Hi there. I'm getting kernel panics, and I don't know why.
I have a 6 drive SCSI multipack connected to a LSI Logic / Symbios Logic 53c875
(using the ncrs driver). The box itself is an older Dell 1600SC with 1.GB RAM.

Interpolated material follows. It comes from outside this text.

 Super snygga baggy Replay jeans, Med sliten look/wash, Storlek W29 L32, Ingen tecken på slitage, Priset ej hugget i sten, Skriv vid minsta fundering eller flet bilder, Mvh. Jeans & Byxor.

(32 bit xeon). The box, scsi card, and multipack have been rock solid for the
past 7 years.
I installed opensolaris 2008.05 (snv_86) and created a ZFS volume (raid 1+0)
across the 6 drives. When I copy files across the network to the volume, the
machine will eventually (anywhere between 5 minutes and 2 hours) panic.
Interestingly, I have the same model card, another SCSI disk pack, and another
machine (PowerEdge SC440, core2 duo). On this box, I'm also running
opensolaris 2008.05. I get identical panics, whether using the 64 bit (glm?)
driver or the 32 bit ncrs driver.
I upgraded the Dell 1600SC to snv_91 in the hope that the problem would
magically go away. It didn't :-(
I added "set kmem_flags=0xf" to /etc/system & here's the most recent panic:
Jun 26 21:31:03 barcelona genunix: [ID 478202 kern.notice] kernel memory
allocator:
Jun 26 21:31:03 barcelona genunix: [ID 432124 kern.notice] buffer freed to
wrong cache
Jun 26 21:31:03 barcelona genunix: [ID 815666 kern.notice] buffer was allocated
from kmem_alloc_320,
Jun 26 21:31:03 barcelona genunix: [ID 530907 kern.notice] caller attempting
free to kmem_alloc_8.
Jun 26 21:31:03 barcelona genunix: [ID 563406 kern.notice] buffer=e52c7400
bufctl=e5279200 cache: kmem_alloc_8
Jun 26 21:31:03 barcelona genunix: [ID 341866 kern.notice] previous transaction
on buffer e52c7400:
Jun 26 21:31:03 barcelona genunix: [ID 991227 kern.notice] thread=e12e7ce0
time=T-0.013422618 slab=e509c088 cache: k
mem_alloc_320
Jun 26 21:31:03 barcelona genunix: [ID 851371 kern.notice]
kmem_cache_alloc_debug+258
Jun 26 21:31:03 barcelona genunix: [ID 851371 kern.notice] kmem_cache_alloc+8d
Jun 26 21:31:03 barcelona genunix: [ID 851371 kern.notice] kmem_zalloc+4b
Jun 26 21:31:03 barcelona genunix: [ID 851371 kern.notice]
glm_pkt_alloc_extern+83
Jun 26 21:31:03 barcelona genunix: [ID 851371 kern.notice] glm_scsi_init_pkt+129
Jun 26 21:31:03 barcelona genunix: [ID 851371 kern.notice] scsi_init_pkt+48
Jun 26 21:31:03 barcelona genunix: [ID 851371 kern.notice]
sd_initpkt_for_uscsi+9e
Jun 26 21:31:03 barcelona genunix: [ID 851371 kern.notice] sd_start_cmds+15f
Jun 26 21:31:03 barcelona genunix: [ID 851371 kern.notice] sd_core_iostart+158
Jun 26 21:31:03 barcelona genunix: [ID 851371 kern.notice] sd_uscsi_strategy+108
Jun 26 21:31:03 barcelona genunix: [ID 851371 kern.notice] default_physio+31b
Jun 26 21:31:03 barcelona genunix: [ID 851371 kern.notice] physio+1d
Jun 26 21:31:03 barcelona genunix: [ID 851371 kern.notice]
scsi_uscsi_handle_cmd+16d
Jun 26 21:31:03 barcelona genunix: [ID 851371 kern.notice] sd_send_scsi_cmd+13f
Jun 26 21:31:03 barcelona genunix: [ID 851371 kern.notice] sdioctl+c86
Jun 26 21:31:03 barcelona unix: [ID 836849 kern.notice]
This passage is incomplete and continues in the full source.